前の陽であれば、慈悲なき感情でアリアに過去を話したいと伝え、この場所に来ていただろう。
アリアと近しくなったからこそ、陽自身も成長していたのだ。
一人でずば抜けるのではなく、手を取り合える仲で前に進む、その一歩に。
陽の言葉を聞いてか、アリアはゆっくりとグラスを慣れた手つきで回していた。
グラスの中の紅茶は、水面を揺らさず安定している。
「デートがお芝居じゃないのであれば、私は気にしないわよ」
そう言って、グラスに入っていた紅茶をアリアは飲み干した。
「……前にも言ったでしょう? 話して楽になれるのなら、いつでも話していい、って」
「アリアさん……」
寛容な心で許してくれるアリアに、陽は頭が上がらなくなりそうだった。
どちらかと言えば、元からアリアに上がる頭は無かっただろう。
偽っていた時点でも許せる相手にされる、というのは貴重な存在なのかもしれない。
仮に陽が本当に騙された立場であるとするなら、許せるかは正直疑問だろう。それでも理解できるのは、アリアだけは許していた……本当にそれだけかもしれない。

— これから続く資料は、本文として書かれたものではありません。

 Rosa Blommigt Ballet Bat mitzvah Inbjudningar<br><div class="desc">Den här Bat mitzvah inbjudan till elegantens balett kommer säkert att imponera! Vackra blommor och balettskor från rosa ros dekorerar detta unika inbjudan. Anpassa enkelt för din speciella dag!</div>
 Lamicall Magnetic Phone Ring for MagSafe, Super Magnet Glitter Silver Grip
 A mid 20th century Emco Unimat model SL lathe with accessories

「それでも……偽りのお芝居で人の心を弄ぶ最低な人、ましてや人の心はもろいものよ。ふふ、私が吸血鬼で良かったわね」
「前者の話は、理解しているよ」
アリアが言いたいのは、アリアという少女が吸血鬼で寛容が故なので、人間であればこうもいかない事だろう。

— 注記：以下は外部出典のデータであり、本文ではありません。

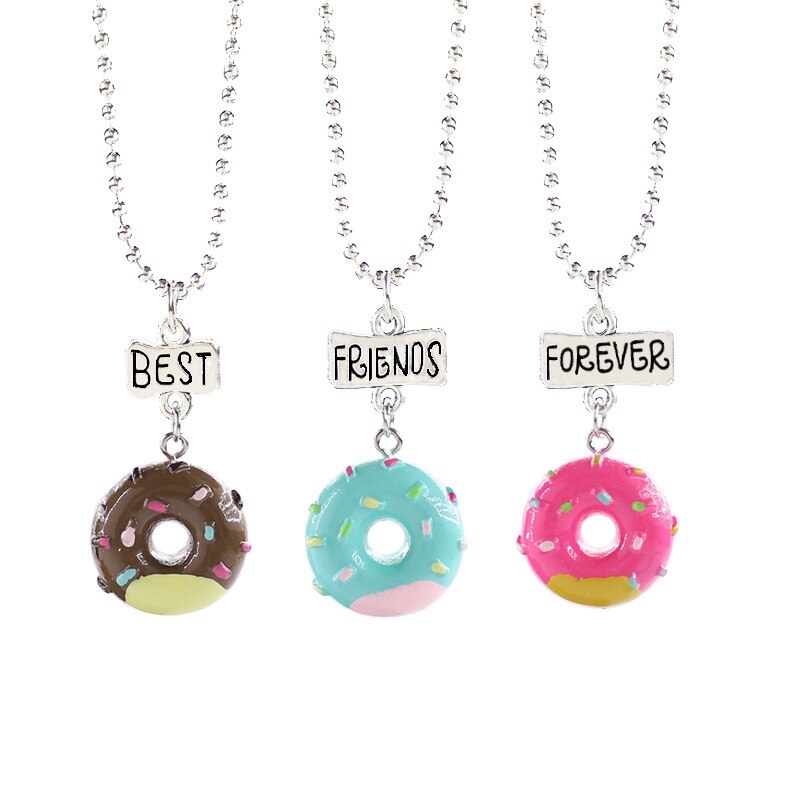 1set(3PCS) Soft Ceramic Doughnut Best Friends Pendant Necklace Cake Girl BFF Necklace Children Jewelry , N-829: ert27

一度料理を止めてもらうため、陽はバトラーを呼び出すことにした。
バトラーの言葉から察するに、恐らくこの展開は読んでいただろう。
呼び鈴に手が重なろうとした、その時だった。
ドアは開き、バトラーが姿を見せたのだ。
バトラーの登場に苦笑いしているアリアは、流石にこの状況は想定外だったのだろう。
「バトラー、一度料理を止めてもらってもいいかい?」
「いやはや、流石真夜様ですな……陽おぼっちゃまにアリア様、ご無礼を承知の上で、お話のおともに合う食事を一つ添えさせていただきます」
バトラーはそう言って、運んできていたらしい、スープの入ったお皿を陽とアリアの前に置いた。

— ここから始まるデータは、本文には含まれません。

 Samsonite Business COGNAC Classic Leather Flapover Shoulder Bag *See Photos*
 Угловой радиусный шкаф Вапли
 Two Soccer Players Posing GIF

濁りのない透明なスープであるにもかかわらず、確かな存在たちが鼻をつついてきている。
アリアも初めて見たスープらしく、目を丸くして驚いていた。
「こちらのスープは、当店秘伝のスープとなっております。目で見て捉え、匂いで感じ、体で堪能していただく、人の心を映すが売りでございます」
「バトラーさん、シェフの方に謝りを……」
「アリア様、これらは全て読んだうえで手配しております、お気になさらぬように。ここは密室、誰の声も、中からの声も、姿も理解できませんので、二人の時間をごゆっくりどうぞ」
バトラーは笑みを見せ、部屋を後にした。
ひさしぶりに聞いたセリフであるが、この場所の意味を理解している陽的には、正直辛さがある。
ふと気づけば、アリアはスープを一口スプーンで掬ってから、こちらを見てきていた。
ゆるぎない深紅の瞳は、話をいつでも聞ける、と伝えてくるようだ。
「陽くん、私は……どんなあなたの過去であっても、受け止めてあげるわよ」
「……アリアさん」
「あなたは本当に、どこか抜けているのよ」
心の奥底から込み上げてくる過去という名の恐怖に、賽は投げられた。
今ここに、デートと称した最後の幕が上がる。